For the inter-block feature restoration strategy, the first convolutional layer of a block was defined as inter-block features. They were fed into the convolutional layer of the other block. As Figure 3 shows, it includes three restoration ways, i.e., the abbreviated “single block—single layer”, “multiple blocks—single layers”, and “multiple blocks—multiple layers”. Here,“single block—single layer” represents the inter-block features of the current block that were added to a single convolutional layer of another block, as the black dotted line shows in Figure 3; “multiple blocks—single layers” means the inter-block features of the current block were simultaneously added to a single convolutional layer at the same location in other blocks, as the blue dotted line shows in Figure 3; and “multiple blocks—multiple layers” means the inter-block features of multiple blocks were supplied to multiple convolutional layers of another block at the same time, as the red dotted line shows. For Baseline-20, there are 4 blocks, leading to 42 restoration ways in total. Experiments were performed in Section 4 to compare the effect of the total 42 ways.

3.4.3. Intra-Block Feature Restoration Strategy

The output of the first convolutional layer of a block was defined as basic features of this block. The intra-block feature restoration strategy extracts the basic features of a block to add into the rest layers of this block, as Figure 4 shows. It includes 2 restoration ways, i.e., the abbreviated “single block” and “multiple blocks”. Here, “single block” represents a restoration way where the basic features of a block were added to one or more convolutional layers in this block, and “multiple blocks” denotes a restoration way where there are multiple blocks performing “single-block” restoration at the same time. For Baseline-20, there are 21 restoration ways in total. Experiments were performed in Section 4 to compare the effect of the total 21 ways.

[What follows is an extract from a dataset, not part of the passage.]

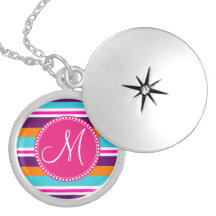 Monogram Pink Teal Orange Purple Striped Pattern Necklaces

3.4.4. How Features Are Restored

ResNet applied residual block learning for every few stacked layers. Figure 5 shows 18 and 34 layers of the ResNet building block. The block can be defined as:

y = F (x, {w_{i}}) + x

(8)

where x and y are input and output vectors of the considered layers.

F (x, {w_{i}})

represents the residual map to be learned. They add the latter extraction features after convolutional operations. Unlike short connection, feature restoration supplies features to the latter convolutional layers. We have defined this operation as:

y = F (x + f (x_{s}), {w_{i}})

(9)

where x is input vectors and y is output vectors.

x_{s}

represents the features to be restored. Function F represents the restoration features map to be learned. The function

f (x_{s})

represents the number of dimensions aligned between

x_{s}

and x, which uses a full-precision convolutional layer with a kernel size of 1 × 1, and the stride is a multiple of 2. The restoration features operation is shown in Figure 5a–c.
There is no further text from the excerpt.